If you read the article to which you link, he wasn’t just some obscure accountant. He was a very senior executive in a competing firm who made a point of studying Madoff to try to figure out how he was doing so well so his firm could market a comparable product.

I suspect that banks could have done the exercise if they had some reason to do so, but they didn’t.

Just because they have massive resources doesn’t mean that they *should *monitor anybody, or investigate what crimes anybody may be committing.

Best wishes,
hh

They knew. They absolutely knew. Unfortunately, I can’t be really specific here about how I know this, but they knew. They knew there were no trades. Some were told by their own accountants that Madoff’s operation was a scam. Some banks and investment banks refused to do business with Madoff.

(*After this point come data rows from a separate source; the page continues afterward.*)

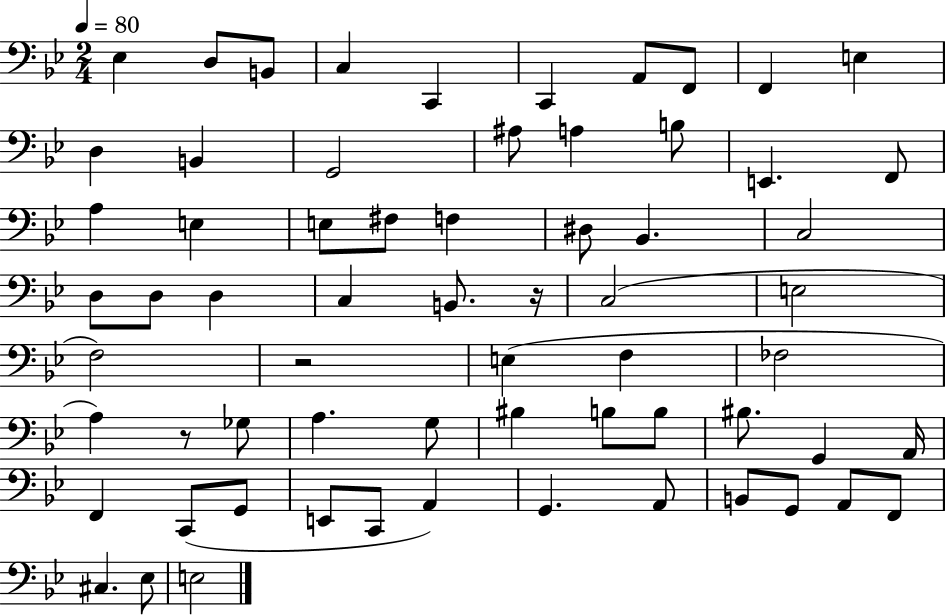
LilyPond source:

{
  \clef bass
  \numericTimeSignature
  \time 2/4
  \key bes \major
  \tempo 4 = 80
  \repeat volta 2 { ees4 d8 b,8 | c4 c,4 | c,4 a,8 f,8 | f,4 e4 | \break d4 b,4 | g,2 | ais8 a4 b8 | e,4. f,8 | \break a4 e4 | e8 fis8 f4 | dis8 bes,4. | c2 | \break d8 d8 d4 | c4 b,8. r16 | c2( | e2 | \break f2) | r2 | e4( f4 | fes2 | \break a4) r8 ges8 | a4. g8 | bis4 b8 b8 | bis8. g,4 a,16 | \break f,4 c,8( g,8 | e,8 c,8 a,4) | g,4. a,8 | b,8 g,8 a,8 f,8 | \break cis4. ees8 | e2 | } \bar "|."
} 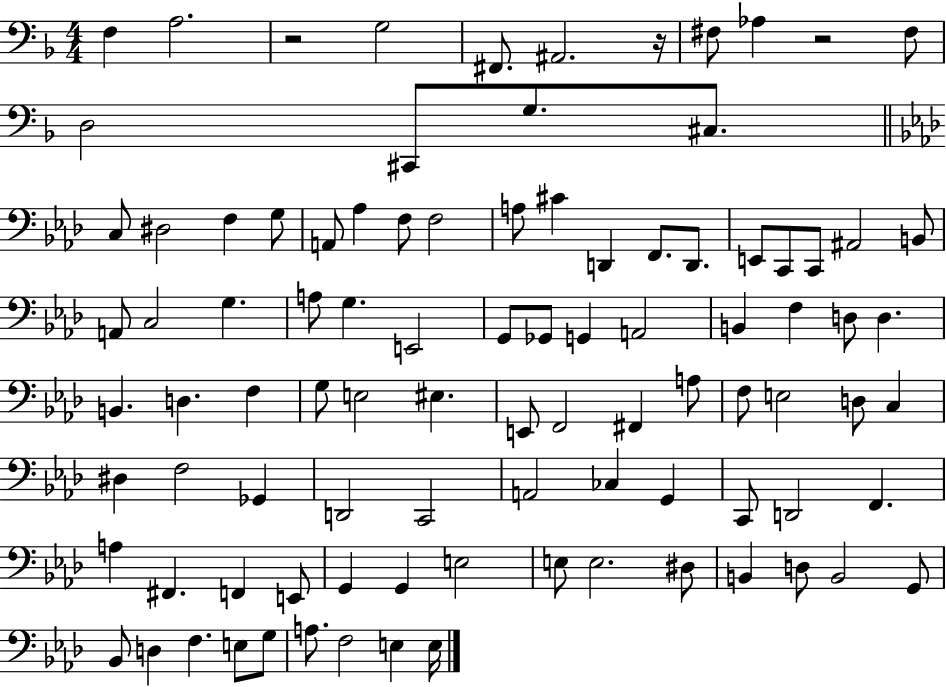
X:1
T:Untitled
M:4/4
L:1/4
K:F
F, A,2 z2 G,2 ^F,,/2 ^A,,2 z/4 ^F,/2 _A, z2 ^F,/2 D,2 ^C,,/2 G,/2 ^C,/2 C,/2 ^D,2 F, G,/2 A,,/2 _A, F,/2 F,2 A,/2 ^C D,, F,,/2 D,,/2 E,,/2 C,,/2 C,,/2 ^A,,2 B,,/2 A,,/2 C,2 G, A,/2 G, E,,2 G,,/2 _G,,/2 G,, A,,2 B,, F, D,/2 D, B,, D, F, G,/2 E,2 ^E, E,,/2 F,,2 ^F,, A,/2 F,/2 E,2 D,/2 C, ^D, F,2 _G,, D,,2 C,,2 A,,2 _C, G,, C,,/2 D,,2 F,, A, ^F,, F,, E,,/2 G,, G,, E,2 E,/2 E,2 ^D,/2 B,, D,/2 B,,2 G,,/2 _B,,/2 D, F, E,/2 G,/2 A,/2 F,2 E, E,/4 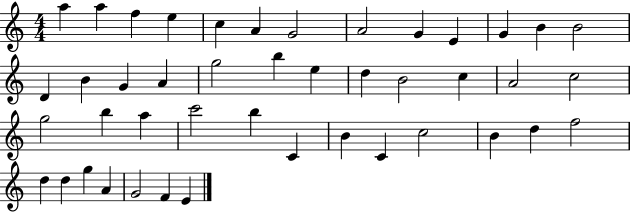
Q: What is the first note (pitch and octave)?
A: A5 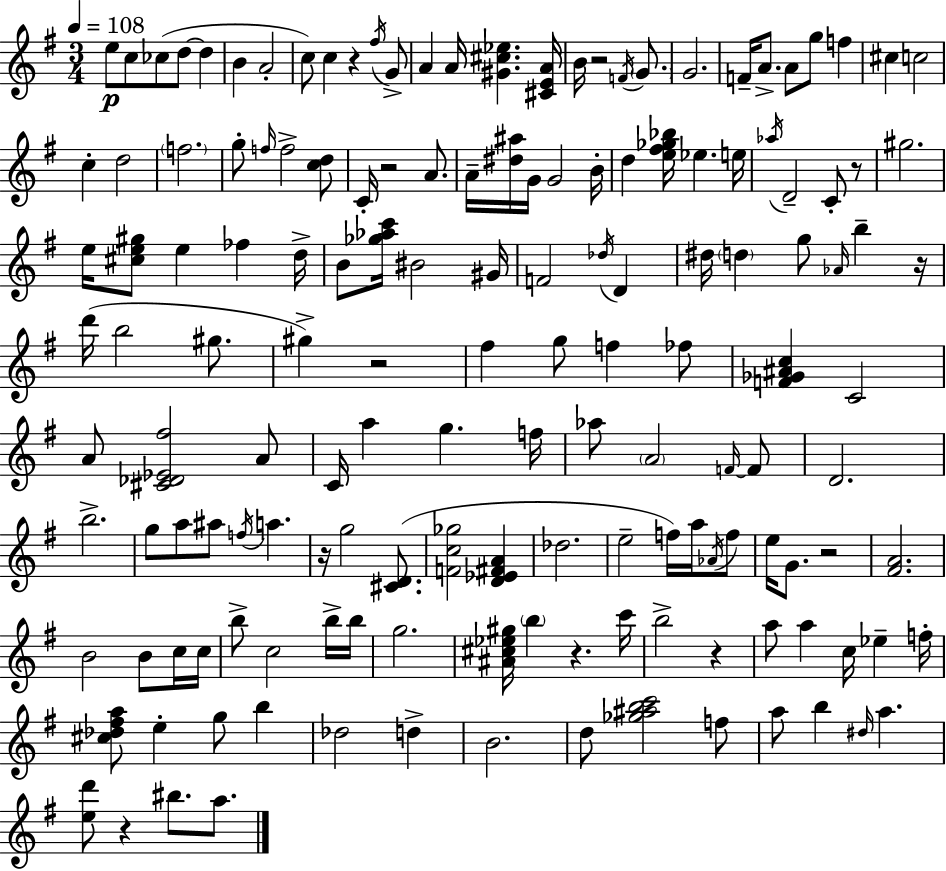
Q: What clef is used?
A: treble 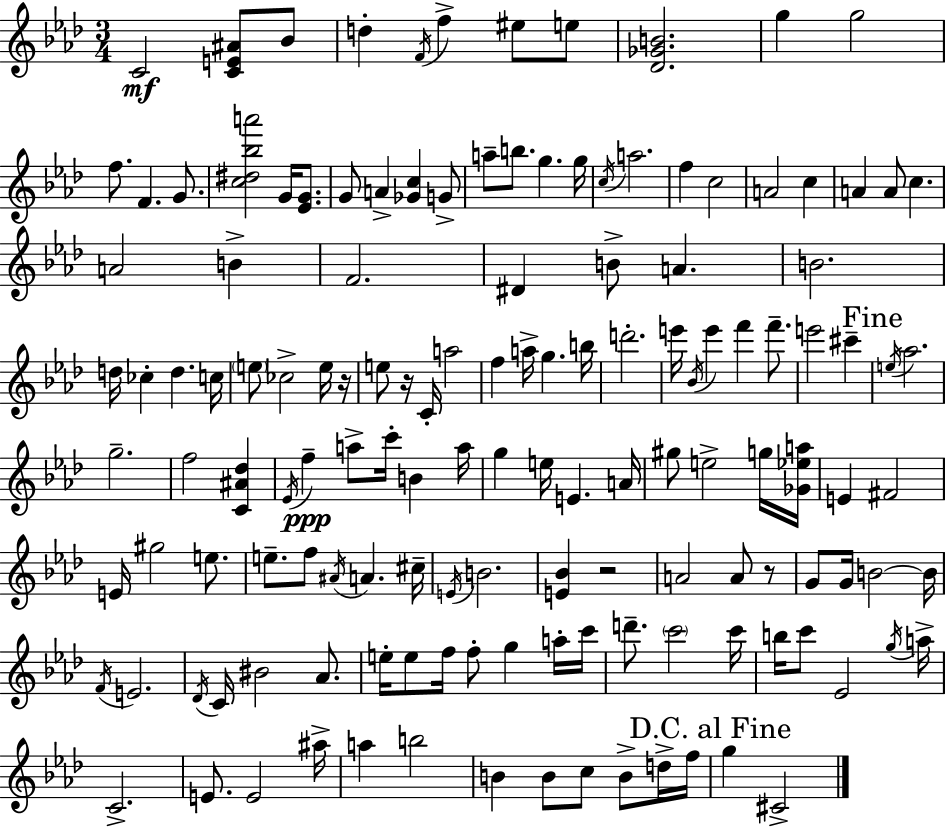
{
  \clef treble
  \numericTimeSignature
  \time 3/4
  \key f \minor
  \repeat volta 2 { c'2\mf <c' e' ais'>8 bes'8 | d''4-. \acciaccatura { f'16 } f''4-> eis''8 e''8 | <des' ges' b'>2. | g''4 g''2 | \break f''8. f'4. g'8. | <c'' dis'' bes'' a'''>2 g'16 <ees' g'>8. | g'8 a'4-> <ges' c''>4 g'8-> | a''8-- b''8. g''4. | \break g''16 \acciaccatura { c''16 } a''2. | f''4 c''2 | a'2 c''4 | a'4 a'8 c''4. | \break a'2 b'4-> | f'2. | dis'4 b'8-> a'4. | b'2. | \break d''16 ces''4-. d''4. | c''16 \parenthesize e''8 ces''2-> | e''16 r16 e''8 r16 c'16-. a''2 | f''4 a''16-> g''4. | \break b''16 d'''2.-. | e'''16 \acciaccatura { bes'16 } e'''4 f'''4 | f'''8.-- e'''2 cis'''4-- | \mark "Fine" \acciaccatura { e''16 } aes''2. | \break g''2.-- | f''2 | <c' ais' des''>4 \acciaccatura { ees'16 }\ppp f''4-- a''8-> c'''16-. | b'4 a''16 g''4 e''16 e'4. | \break a'16 gis''8 e''2-> | g''16 <ges' ees'' a''>16 e'4 fis'2 | e'16 gis''2 | e''8. e''8.-- f''8 \acciaccatura { ais'16 } a'4. | \break cis''16-- \acciaccatura { e'16 } b'2. | <e' bes'>4 r2 | a'2 | a'8 r8 g'8 g'16 b'2~~ | \break b'16 \acciaccatura { f'16 } e'2. | \acciaccatura { des'16 } c'16 bis'2 | aes'8. e''16-. e''8 | f''16 f''8-. g''4 a''16-. c'''16 d'''8.-- | \break \parenthesize c'''2 c'''16 b''16 c'''8 | ees'2 \acciaccatura { g''16 } a''16-> c'2.-> | e'8. | e'2 ais''16-> a''4 | \break b''2 b'4 | b'8 c''8 b'8-> d''16-> f''16 \mark "D.C. al Fine" g''4 | cis'2-> } \bar "|."
}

The key is that there were no trades, and this was transparently obvious to those institutions that purported to be Madoff’s clearing houses. His “statements” were so clearly bogus that it is simply ***not possible ***that anyone in business with him (aside from small investors, the “little old ladies on fixed incomes” you hear so much about) could not have known.

NM

I don’t know how his employees could launch an investigation, but it’s worth noting that there were multiple official investigations of his scheme…they just weren’t any good.

Cite.

hh, The “banks” we’re talking about here aren’t like the outfits where you have your checking or savings accounts.

These are *investment *banks. Like Goldman Sachs or Bear Stearns (now deceased). Not like Wells fargo or the First Bank of Nowheresville. They are in the business of making investments and channelling investment money from their clients (big businesses & rich folks) into high-performing investments.

It’s *exactly *their business to know who they are dealing with, how successful those folks are at investing, and where all the money they’re pumping in is going & most importantly, when & where it’s going to come back out.

I have zero insight into the details of the whole Madoff affair, but the investment banks which sent him the money had a duty to understand what was happening.

That so much didn’t pass the smell test for anyone who even bothered to sniff indicates a lot of smart people had observed the high returns, sniffed, then were deliberately holding their nose as long as it was working for them. Most stayed in the game just a *leeettle *too long & got burned.